Yeni anlaşmayla 2019’dan itibaren ABD, İsrail’e 10 yıl boyunca her yıl 3.8 milyar Dolarlık yardımda bulunacak. Yardım sayesinde İsrail, yeni nesil F-35’lerin alınması dahil olmak üzere savaş uçağı filosunu yenileyebilecek ve füze savunmasını güçlendirebilecek. Bu yardım sadece, İsrail’in Filistin’e dönük saldırılarının süreceği anlamına gelmiyor. Keza geçtiğimiz günlerde Suriye’de “geçici ateşkes”i delen ilk grup olarak öne çıkan El-Nusra çetecilerinin İsrail hastanelerine taşınarak tedavi edildiği ve yeniden Suriye’ye gönderildiği açığa çıkmıştı.
KHK’ler, 24 Ocak kararlarının bir benzeridir
Diğer yandan ülkede 2. ayını geride bırakarak 3. ve “son” ayına giriş yapan OHAL, kademe kademe toplumsal muhalefetin tasfiyesi projesini hayata geçirme doğrultusunda ilerlerken, görünen OHAL’in 3. ayını tamamlaması ile sonlanmayacağı… AKP’nin OHAL’in egemenlere sağladığı pervasızlık ve Kanun Hükmünde Kararname (KHK)’ler yoluyla kanun yapmak gibi “zahmetli” işlerden kurtularak devletin ve sermayenin işinin kolaylaştırması gibi “rahatlıklara” hala ihtiyacı var.
Keza OHAL döneminde Meclis’ten 4 kanun çıkıp, ama aynı bu süre içinde Bakanlar Kurulu tarafından 8 tane Kanun Hükmünde Kararname (KHK) yayımlanması ve sadece 1 Eylül’de Resmi Gazete’nin mükerrer sayısında üç ayrı KHK yayımlanması bunun bariz örneklerinden biri olarak karşımıza çıkıyor. Bu KHK’ler içerisinde öne çıkan ise neredeyse tamamı HDP ve DBP’li belediyelerin oluşturduğu 28 belediyeye kayyum atanmasını da kapsayan “bayramlık” 674 Sayılı KHK oldu.
674 Sayılı KHK’nin diğerleri gibi en önemli özelliği birbiriyle ve de OHAL ile ilişkisi olmayan birden çok yasada değişikliği barındırıyor olması. Tabii bunun özellikle AKP döneminde gündeme gelen “torba yasalar” ve “gece yarısı kararnameler” gibi bir halk düşmanı kökeni var. Buna rağmen toplumsal muhalefet nedeniyle şimdiye kadar Meclis’ten geçirilemeyen kanun değişiklikleri KHK ile halledilmeye çalışılıyor.
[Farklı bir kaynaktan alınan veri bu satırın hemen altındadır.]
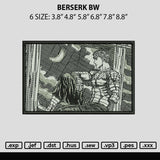 Berserk Bw Embroidery File 6 sizes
Mesela tek başına 674 Sayılı KHK Adli Tıp Kurumu Kanunu, Adli Yargı İlk Derece Mahkemeleri ile Bölge Adliye Mahkemelerinin Kuruluşu, Görev ve Yetkileri Hakkında Kanun, Ceza Muhakemesi Kanunu, Ceza ve Güvenlik Tedbirlerinin İnfazı Hakkında Kanun, Hukuk Muhakemeleri Kanunu, Pasaport Kanunu gibi kanun değişikliklerin hepsini kapsıyor.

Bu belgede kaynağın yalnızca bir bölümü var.